I am excited to announce that pickle work has finally made it to the Practical Life shelf. It is tucked between orange peel scissoring and the silver cabinet ( a large jewelry box I converted into a small version of a traditional cabinet for storing one's best silver). Pickle work presents an immediate taste contrast to the already available jam work - this month's flavor is apricot. The children are learning that pickles, like jam, come in a variety of flavors. The first to be used were miniature gherkins. Also, this is the first time that children are using the vegetable cutter so those small muscles in their hands are being challenged, again. And while all of this is good, the best part of pickle work for me is the serving part. A child cuts, places toothpicks in each thin slice and then serves their fellow classmates. However, there are a few guidelines for serving food in the classroom.
- Always wash hands before doing food work in the Practical Life area.
- Children participating in a small group are not offered food as it disturbs the cohesion of the group - distracting them from the lesson being given.
- No one is to follow the server requesting to be offered a pickle or any other food being served.

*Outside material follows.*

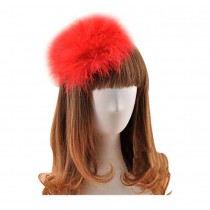 Beautiful Charming Feather Hairpin for Parties/Stage/Wedding,Red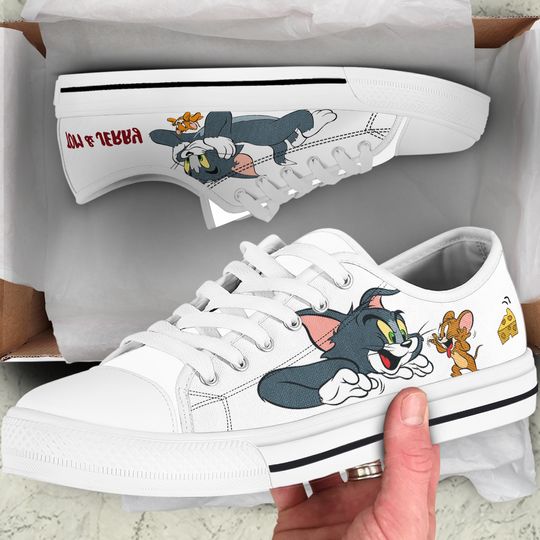 Tom and Jerry Converse, Tom and Jerry hand painted shoes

- Children serving food should politely ask, "Excuse me, would you like a pickle." If yes, the receiving child would then answer by saying,"Yes, thank you." They may then select a offering taking it off the tray via the toothpick inserted in it.
- Children offered food may politely decline by simply stating, "No thank you."
- Toothpicks that are used to serve individual pieces are to be placed in a trash receptacle by the one who ate the food.
- Also, one pickle per child in terms of using this work.
- Lastly, the child preparing the pickle work may choose to eat all of the pieces of pickle themselves. Serving the others is a choice, not a demand.
You should have seen the smiles on the faces of the children serving their classmates. One child later told her mother that she had never tried pickles before but decided that since the others where tasting them that she would too. Gherkins may not be her favorite, but she did seem to enjoy the next offered "bread and butter" pickles.
This spring, after several varieties of pickles have been sampled, I am planning a pickle tasting that will include samples of several and labels with their names to be placed besides them by the taster. I might even add a blindfold to the work. It will be sort of a pickle potluck.